Pulte corporate communications manager Eric Younan wrote in an e-mail that the rules in smaller communities are generally enforced by the residents themselves.

That's what happened with the Bohannons: Ed said the vast majority of his neighbors have been supportive, but that there are several residents who police violations and report them to the board.

The Bohannon's neighbor, Joe Albert, estimated that 95 percent of the Haven's residents want the Bohannons to stay, especially given the circumstances. He said the children have remained behind the scenes.

"It's the talk of the community right now," he said.

But a small number have forced the board into action on the issue, Albert said.
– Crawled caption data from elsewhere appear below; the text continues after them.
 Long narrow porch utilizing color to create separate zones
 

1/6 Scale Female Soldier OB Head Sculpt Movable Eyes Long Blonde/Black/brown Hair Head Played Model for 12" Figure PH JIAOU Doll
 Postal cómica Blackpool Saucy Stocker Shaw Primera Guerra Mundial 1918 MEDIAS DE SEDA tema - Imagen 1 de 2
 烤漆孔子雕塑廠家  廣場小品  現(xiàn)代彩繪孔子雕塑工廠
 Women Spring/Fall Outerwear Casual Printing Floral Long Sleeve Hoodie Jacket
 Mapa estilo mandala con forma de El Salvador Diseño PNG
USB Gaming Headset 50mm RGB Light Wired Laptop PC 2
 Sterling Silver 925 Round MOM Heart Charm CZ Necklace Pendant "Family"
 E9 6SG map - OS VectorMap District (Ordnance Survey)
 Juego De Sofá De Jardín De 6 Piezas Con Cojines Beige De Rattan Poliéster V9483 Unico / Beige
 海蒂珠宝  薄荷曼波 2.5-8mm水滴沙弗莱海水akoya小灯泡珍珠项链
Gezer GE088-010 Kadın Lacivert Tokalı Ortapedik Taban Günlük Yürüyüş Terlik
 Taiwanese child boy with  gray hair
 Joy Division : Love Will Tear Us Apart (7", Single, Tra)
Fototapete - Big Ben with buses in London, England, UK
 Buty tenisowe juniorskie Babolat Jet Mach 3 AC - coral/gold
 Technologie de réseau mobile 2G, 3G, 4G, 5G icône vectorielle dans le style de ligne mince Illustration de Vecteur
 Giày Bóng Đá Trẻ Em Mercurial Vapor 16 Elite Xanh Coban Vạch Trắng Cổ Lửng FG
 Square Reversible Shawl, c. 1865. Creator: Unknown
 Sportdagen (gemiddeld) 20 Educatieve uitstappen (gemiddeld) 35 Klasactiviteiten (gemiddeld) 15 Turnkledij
The board's stance is a "real shame," he said.

"I'd advise people looking to buy in an age-restricted community to look at the restrictions, because it might cause you some trouble with grandchildren," he said. "I have three grandchildren and I think about that once in awhile -- that if something like this were to happen I'd have to sell my house."

In a letter to his neighbors as the family moved out, Ed Bohannon shared the family's history and revealed the family would have to declare bankruptcy. They will rent a home in the Pinecrest neighborhood and hope to rent their Haven home to offset the cost, he said.

"Thanks for ruining our lives!" he wrote to the neighbors who filed the complaint about the children.

Bohannon said he has received 78 e-mails from neighbors sympathizing with his plight.

He said he only received one negative e-mail, sent anonymously. While the e-mail supported the grace period given the Bohannons, it said the children could not live there indefinitely. It also questioned whether the Bohannons had concealed the situation from the board and why he had rejected an offer for their home.

"We are deeply sorry for your problems, but we moved here SPECIFICALLY to be away from all children," it read.